YANN CASPAR: Lu à l’étranger. Europe : les contrées orientales au service d’un Ouest finissant

L’immigration intra-européenne provoque certes moins de crispations identitaires que l’immigration extra-européenne. Mais elle n’en demeure pas moins un facteur éminemment déstabilisant pour les économies et les sociétés européennes. Le roman de l’écrivain hongrois originaire de Transylvanie Zoltán Böszörményi, Le Temps long, en donne une démonstration saisissante.

L’on connaît les flux migratoires allant du Sud au Nord, inter-continentaux, moins ceux consistant en l’émigration de populations de l’Est vers l’Ouest, surtout lorsqu’il s’agit de flux intérieurs à un continent. En Europe, ces flux sont éminemment difficiles à quantifier, et toujours sous-estimés, mais un faisceau d’indices permet de prendre conscience de leur gravité.

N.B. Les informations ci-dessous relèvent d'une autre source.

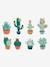 Cactus-stickers groen/meerkleurig - vertbaudet enfant 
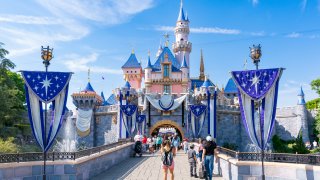 ANAHEIM, CA – JULY 15: General views of Sleeping Beauty Castle at Disneyland on July 15, 2023 in Anaheim, California.  (Photo by AaronP/Bauer-Griffin/GC Images)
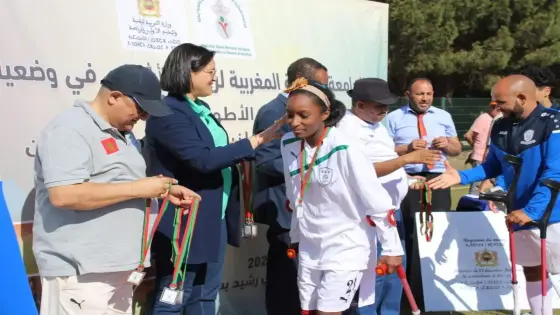 فريق النهضة الأكاديرية وصيفا لبطل البطولة الوطنية لكرة القدم لمبتوري الأطراف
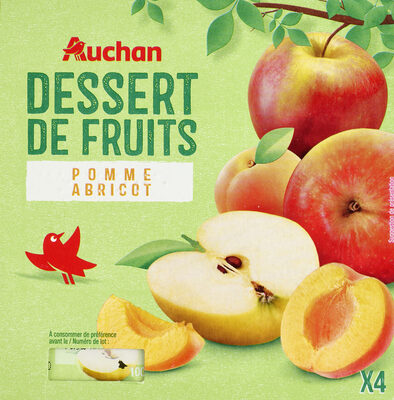 Dessert de fruitspomme abricot x4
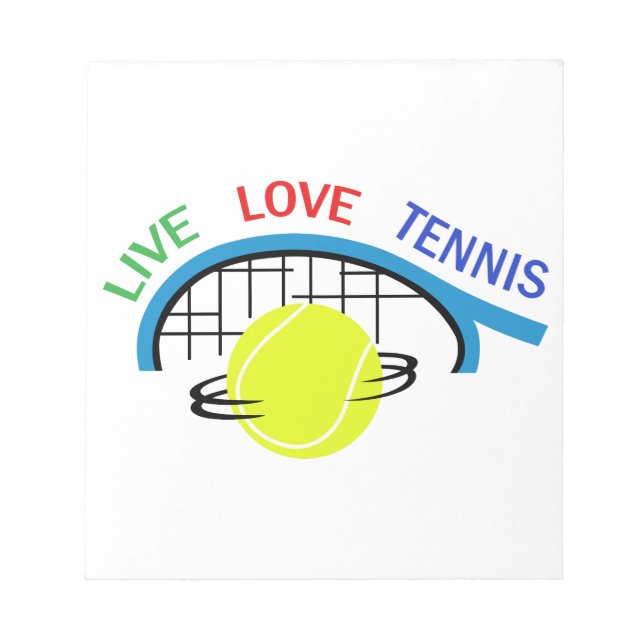 BLOC-NOTE LIVE LOVE TENNIS (Devant)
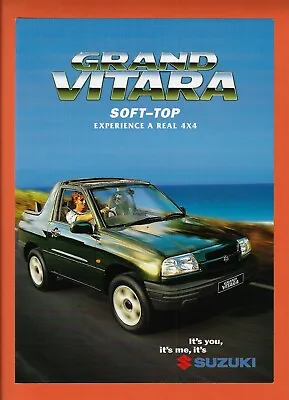 $27.50 • Buy Suzuki 4x4 Grand Vitara Soft-top Specifications Brochure 2002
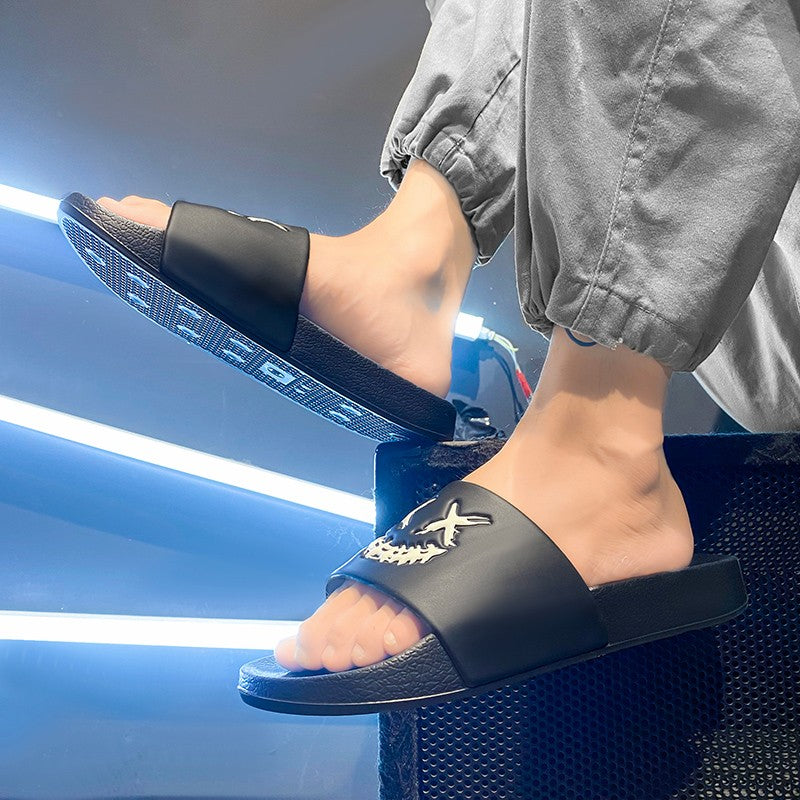 Summer Men's Indoor Home Non-slip Casual Slippers Male Soft Comfortable Bath Slippers Outdoor EVA Sandalias Beach Garden Sandals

Il existe par exemple plus de 100 000 enfants roumains grandissant sans au moins un de leurs parents, 20 000 étant quant à eux élevés sans leurs parents, partis travailler en Europe de l’Ouest — cette partie du continent ayant « généreusement » accueilli ses frères orientaux après des décennies de joug communiste.

 

Les confessions d’une fillette

Zoltán Böszörményi livre un récit bouleversant d’une jeune fille anorexique et agonisante, élevée dans un coin reculé de la Roumanie, rongée et finalement détruite par l’absence de sa mère travaillant en Italie. Ses parents de substitution, des voisins, une grand-mère, n’y peuvent rien, elle se laissera mourir.

Böszörményi a connu cette fille, il s’est rendu dans l’hospice où elle a enduré son calvaire. Son roman s’appuie sur un véritable travail de journaliste d’enquête, il est on ne peut plus cru, réel. Au-delà de cet aspect apportant une crédibilité considérable à l’ensemble, l’ouvrage de Böszörményi dégage également une force psychologique étonnante, les moindres aspérités des conséquences sur un enfant de l’absence d’une mère étant dépeintes avec assurance et finesse. Böszörményi fait parler la fillette et propose aux lecteurs ses confessions aux accents féériques.

 

L’Est en lambeaux

Depuis 1990, les pays d’Europe centrale et orientale, particulièrement la Roumanie et la Bulgarie, membres de l’UE depuis 2007 et bientôt de Schengen, ont perdu plus d’un quart de leur population. Baisse de la natalité, mais aussi émigration vers l’Ouest. Démographiquement, l’Ouest tient toujours, mais seulement en raison de l’immigration extra-européenne.

Une Europe qui marche sur la tête donc : sa partie orientale est vidée de ses forces vives, des enfants y sont brisés, alors que l’Ouest ne parvient plus qu’à maintenir sa prospérité toute relative en aspirant massivement des populations du Sud ou de l’Est.

L’œuvre de Böszörményi résonne comme un avertissement désespéré : la rupture du lien affectif entre parents et enfants déchire non seulement les âmes, mais aussi la société, l’Europe.

 


Zoltán Böszörményi, Le Temps long, éd. du Cygne, 114 pages. Traduit du hongrois par Raoul Weiss.